Supercalifragilistic...
Le mot est apparu sur mon écran.
Et comme une madeleine de Proust, j'ai replongé. Survolant les toits avec des ramoneurs. Esquissant des pas de danse avec des pingouins. Rangeant ma chambre d'un claquement de doigt. Evidemment.
Posséder le sac de Mary Poppins surtout. Un joli sac en cuir noir dans lequel il y aurait un porte manteau (oui, je sais, ça ne sert à rien), une boîte à outil (pour changer un flexible de douche), des kleenex, des vêtements de rechange (c'est toujours utile), une trousse de maquillage, et des carnets avec un tas de crayons.
Des carnets à noircir. De pensées et d'émotions. De mots. De jolis mots. De phrases. De verbes à conjuguer. Accoucher d'histoires et désembrumer nos cerveaux. Ecrire "Supercalifragilistic" et chantonner le reste de la formule magique, une formule capable de nous ouvrir les portes du monde, de nous faire voler au-dessus des toits. Et nous offrir un instant de liberté.

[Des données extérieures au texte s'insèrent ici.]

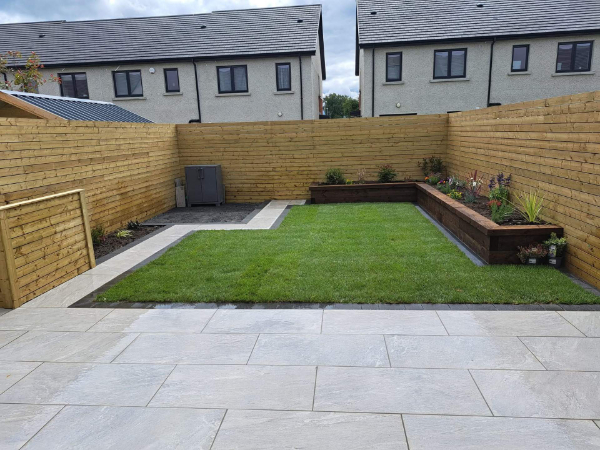 A newly landscaped backyard features a paved patio, a lush green lawn, and raised garden beds with plants. The area is enclosed by a modern wooden fence, with contemporary houses visible in the background.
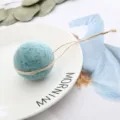 Wool felt ball pendant handmade decoration felt ball ornament close up detail view - Autumn Green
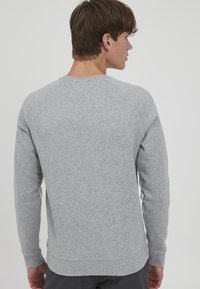 Grå sweatshirt med et struktureret, glat stof. Har raglanærmer og ribbet hals og kant. Enkel design uden synlige mønstre eller accenter.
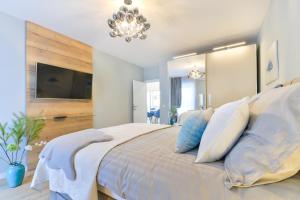 ein Schlafzimmer mit einem großen Bett mit einem Kronleuchter in der Unterkunft PIA Apartment in Zadar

Parce que les mots nous désenclavent...
Les mots de votre enfance sont ensuite apparus sur mon écran.
Bergamote pour Tulipe et ces senteurs d'eau de cologne parfumée aux agrumes qui chatouillent le nez.
Sacha, lui, adorait le mot "déjà" avec ces deux accents ou le mot arbre et ses 2 r.
Sandra s'est souvenue combien elle avait du mal à dire étoile de mer, transformée en "tomédane".
J'ai souri en découvrant le message de Claire qui répétait, enfant, "Montpelliereine", "qu'est-ce que j'étais fière d'être reine". Pendant que son frère blaguait : "On va à Montpellier. Super. A Ton Pellier".
Comme autant de madeleine, Marc se délectait du mot Gloubi Boulga. Ariane aussi qui l'associait à Barbatruc. Alors que Till the Cat préférait celui de bonbec.
Laurent m'a parlé de "Saperlipopette", Garance de "mammmmmmmmmannnnn" et de l'expression "j'te f'rai dire". Philippe lui disait "même pas cap" et Julien "Je te cause plus".
Julie, en bonne sudiste, clamait "eau de couillonne". Son fils, aujourd'hui, chante au Clair de la lune : "Prête moi ta plume pour écrire AMOUR".
Pendant longtemps Aude a pronocé des "tacalogues" et "L'Egypte tancienne". J'ai entendu la voix rieuse de Dominique avouer l'expression si drôle "La teu de totodile".
Elodie m'a raconté son goût pour le mot chimique, "j'aimais le son". Laurence ne jurait que par celui de cheval, et Céline pour cabane.
J'ai cru que Laure plaisantait quand elle m'a écrit "anticonstitutionnellement". Mais le mot le plus long fait rêver. Laure, et Caroline aussi, qui aujourd'hui savoure encore "presqu'île". Dans le bureau d'à côté, Jean-Charles a dit "Boule au miel", Milia celui de"courgette".
Jean-Charles est revenu avec "brushing". J'ai comme un doute, Jean-Charles...
Pendant que je me délectais de vos mots comme une main piochant des bonbecs dans un pot trop grand pour ma main d'enfant, un paquet est arrivé.
Une petite valise en carton estampillée Calimero...
Calimero, le héros de mon enfance...
Comme la Faucheuse avait semble-t-il voulu m'envoyer un avertissement samedi (mais j'ai pas mourru), j'ai compris que ce mot magique de Mary Poppins et la valise de Calimero étaient des signes. A écouter.
Conserver son âme d'enfant.
Ne pas oublier qui nous avons été.
Comme autant de remparts à l'intolérance. A la bêtise aussi.
Loin du monde des Bisounous, simplement profiter de ces instants de légèreté pour supporter le monde. Et acquérir une forme de liberté.